The Ladykillers, 2004
Dir: Joel (and Ethan) Coen
August 28, 2009
I can say now that I have seen every feature that the Coens have made. It's been a pretty good ride; it's too bad that it ran out of gas with The Ladykillers. I think it's second nature to be wary of remakes, and this film really doesn't do anything to improve my feelings. I have never seen the original (1955), but anything with both Alec Guinness and Peter Sellers must be incredible. This remake isn't awful, it just really isn't a Coen Brothers film. They wrote the script, but were not supposed to direct. When Barry Sonnenfeld dropped out, they were offered the directing reins as well. I'm not really sure if they had some studio people watching their every move, but they tried to be subtle with their own personal touches and most of them just fall flat.
A merry band of criminals posing as musicians led by an eccentric southern dandy professor (Tom Hanks) hatch a plan to use the basement of an old lady (Irma P. Hall) to dig a tunnel straight to the store room of a steamboat casino and steal the loot. What follows is a comedy-of-errors, "ignorance is bliss" romp that is steeped in great atmosphere and mood but lacking in substance. The Deep South setting is used very well with both the main character's dialogues and some great gospel tunes which help to cover up some of the films many failings. The religious undertones and Christian metaphors (basement/evil, gargoyles and the trash island in the middle of the harbor/sea [heaven or hell?]) are a bit heavy handed, as are the E.A. Poe references, but you get the point. Changing Charon's ferry to a trash barge (because that's what the criminals basically are, duh) was actually the one clever thing that I really liked in the film.

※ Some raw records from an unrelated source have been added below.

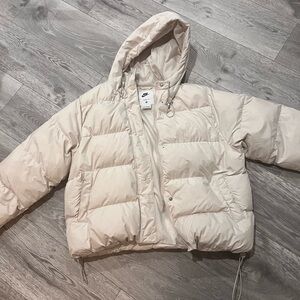 Nike Therma-FIT Hooded Puffer Jacket in Light Cream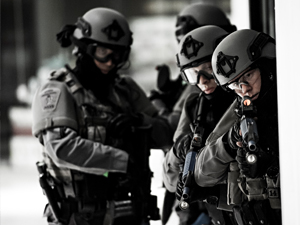 A group of officers wearing grey equipment readies their guns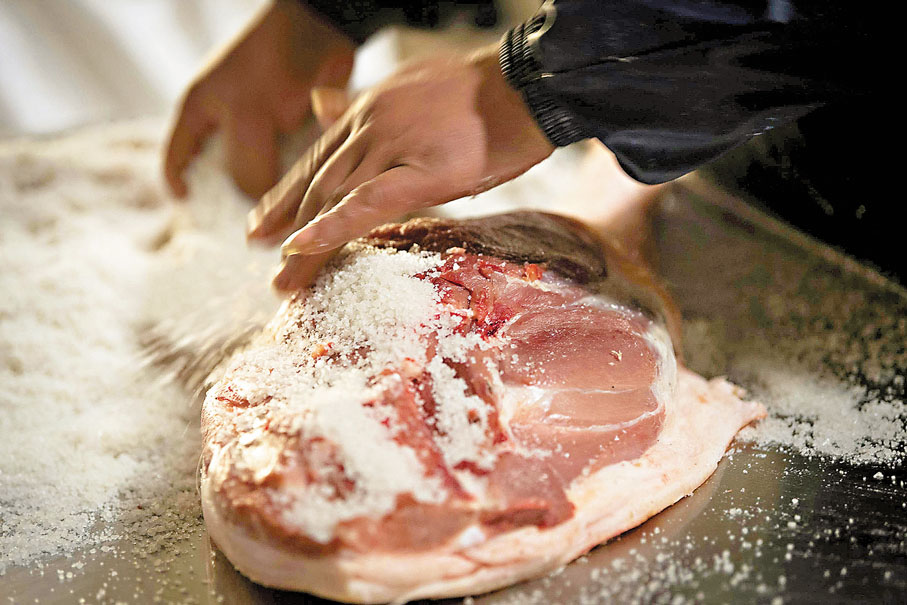 ●工人正以鹽醃製金華火腿。 資料圖片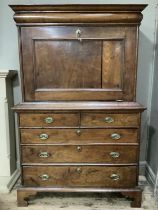 A 19th century continental mahogany secretaire abbatant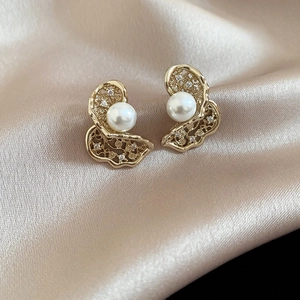 Macro shot of gold hollow pearl earrings with micro-diamonds on champagne silk fabric
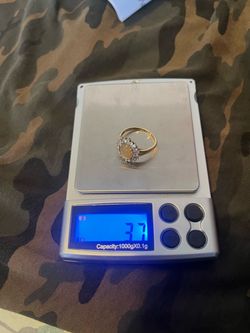 Solid 14YG ring with natural Ethiopian opal surrounded by natural white topaz 3.7 grams size 8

The odd thing is that the most obviously glaring sore spot of the film is the writing. It's as if it was written by someone trying to ape the Coens' schtick but got really lazy. Maybe they were rushed, I don't know. But for guys who usually give lots of love to the support, they left them gimmicky. Sure they have weird things about them as usual, but that's about it. Marlon Wayans cat callin' big booty bitches and sayin' things like "damn skippy!" seems a bit hollow. And J.K Simmons's Garth Pancake has irritable bowel syndrome. Really? Fart jokes? The General (Tzi Ma) is alright, but Lump (Ryan Hurst) is just plain annoying. The professor, for his part, is laughably befuddling ("Madam, you are addressing a man who is quiet, yet not quiet, if I may offer a riddle?") and his sniveling laugh is just strange coming out of Hanks, so a decent job I think. Hall is good too, for her part, but a bit too demonstrative for her role, which should have her being way more daft. With writing, most of the time I would give the Coens the benefit of the doubt, but here you really can't. They know, and have proved, that they can do much better.